The antilock braking system (ABS) was developed to prevent the wheels from locking up while braking. This prevents the slippage of the wheels on the surface, adjusting the brake fluid pressure level of each wheel, and helps the driver to keep the control on the vehicle [1–3]. In fact, the ABS is designed to increase the braking efficiency, maintaining the manoeuvrability of the vehicle and reducing the driving instability, while decreasing the braking distance. Modern ABS systems try to not only prevent the wheels from locking up, but also aim to obtain maximum wheel grip on the surface while the vehicle is braking [4, 5]. The technical difficulties in successfully implementing the antilock concept contained in the 1936 patent for an “apparatus for preventing lock braking of wheels in a motor vehicle,” by Robert Bosch , were solved between 1967 and 1970, when Mercedes-Benz engineers changed the mechanical sensors for contactless sensors operating under the induction principle . Finally, when the electronic integrated circuits were small and robust enough, it was possible to record data from the wheel’s sensors and to use more reliable actuators for imposing brake hydraulic pressure. The mass production started with the ABS second generation, in 1978 . With the hardware technology breakthroughs, now the challenge is to propose efficient control algorithms for the actuators. Several algorithms had been aimed for controlling the ABS; see [8, 9] for interesting overviews.

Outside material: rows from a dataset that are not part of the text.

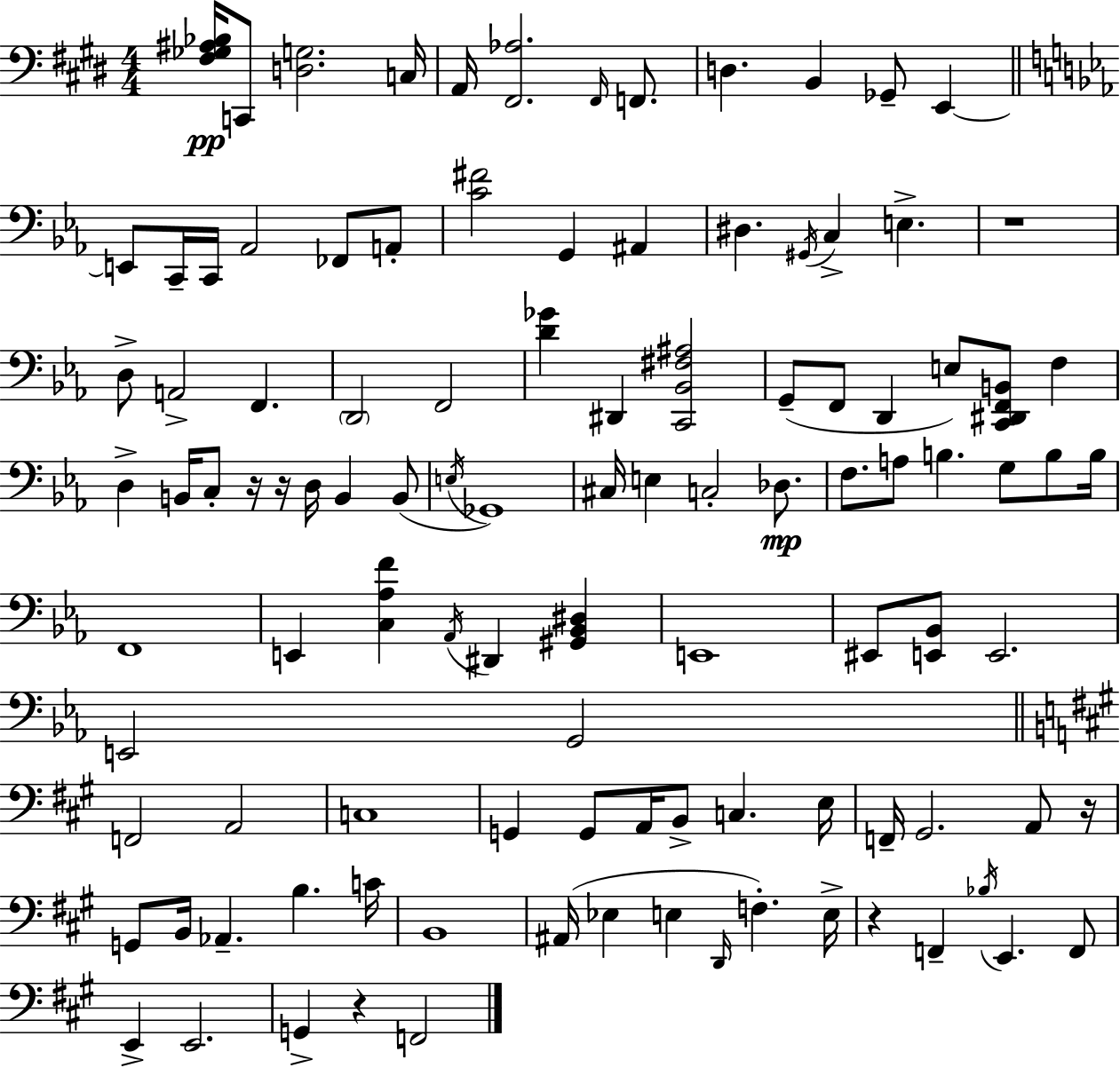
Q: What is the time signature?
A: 4/4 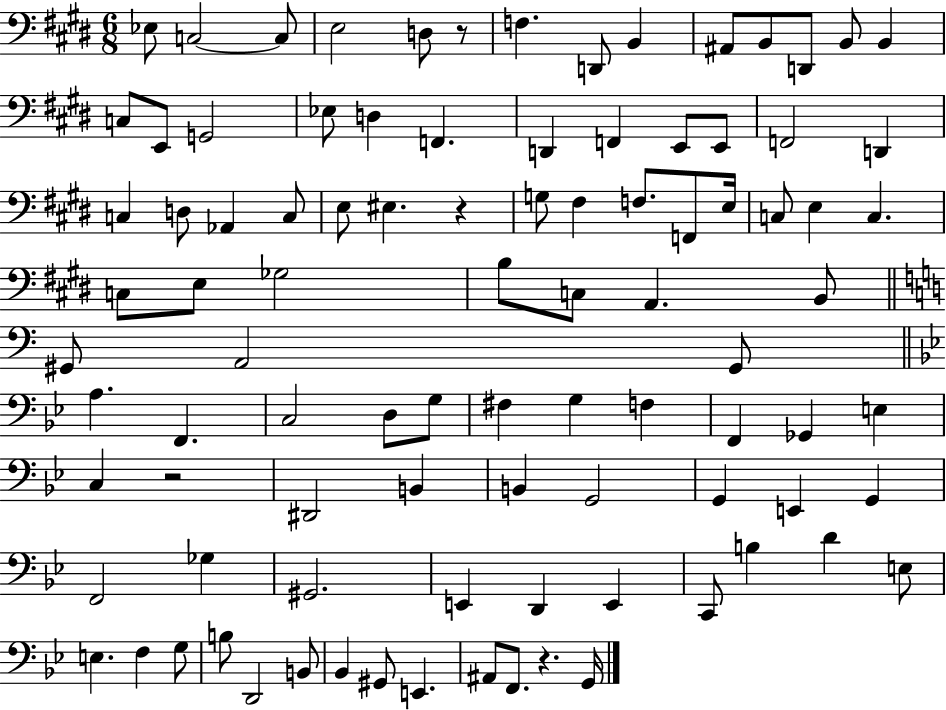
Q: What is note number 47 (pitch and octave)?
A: G#2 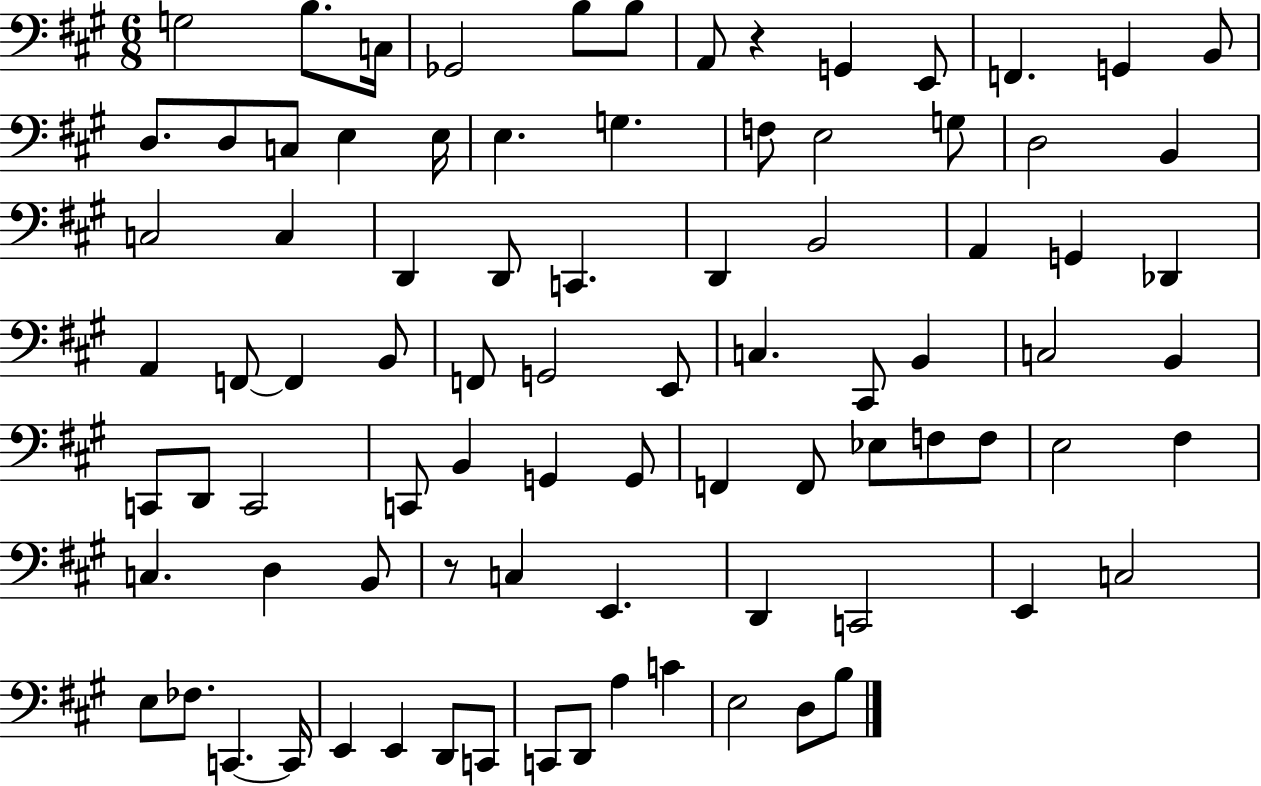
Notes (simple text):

G3/h B3/e. C3/s Gb2/h B3/e B3/e A2/e R/q G2/q E2/e F2/q. G2/q B2/e D3/e. D3/e C3/e E3/q E3/s E3/q. G3/q. F3/e E3/h G3/e D3/h B2/q C3/h C3/q D2/q D2/e C2/q. D2/q B2/h A2/q G2/q Db2/q A2/q F2/e F2/q B2/e F2/e G2/h E2/e C3/q. C#2/e B2/q C3/h B2/q C2/e D2/e C2/h C2/e B2/q G2/q G2/e F2/q F2/e Eb3/e F3/e F3/e E3/h F#3/q C3/q. D3/q B2/e R/e C3/q E2/q. D2/q C2/h E2/q C3/h E3/e FES3/e. C2/q. C2/s E2/q E2/q D2/e C2/e C2/e D2/e A3/q C4/q E3/h D3/e B3/e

In this paper, a mechatronic system, the ABS Laboratory setup, manufactured by Inteco Ltd., is used to implement new control strategies and to compare them, avoiding the high costs of tests on real full-sized vehicles. The setup represents a quarter car model and consists of two rolling wheels. The lower wheel, made of aluminum, imitates the relative road motion of the car, whereas the upper wheel, made of rigid plastic, is mounted to the balance lever and simulates the wheel of the vehicle. In order to accelerate the lower wheel, a large DC motor is coupled to it. The upper wheel is equipped with a disk–brake system, driven by a small DC motor . Earlier works on this kind of setup are mainly based on the assumption that information of all sensors is available for measurement. Some articles discuss the use of controllers with comparative (linear and nonlinear) control techniques as in [11–13]. In [14–18], control strategies based on sliding–mode analysis are analyzed. An optimal controller of an ABS Laboratory setup is presented in . Finally, other works deal with fuzzy controllers [20, 21] or other intelligent control techniques such as adaptive neurofuzzy [22, 23] and neurofuzzy techniques .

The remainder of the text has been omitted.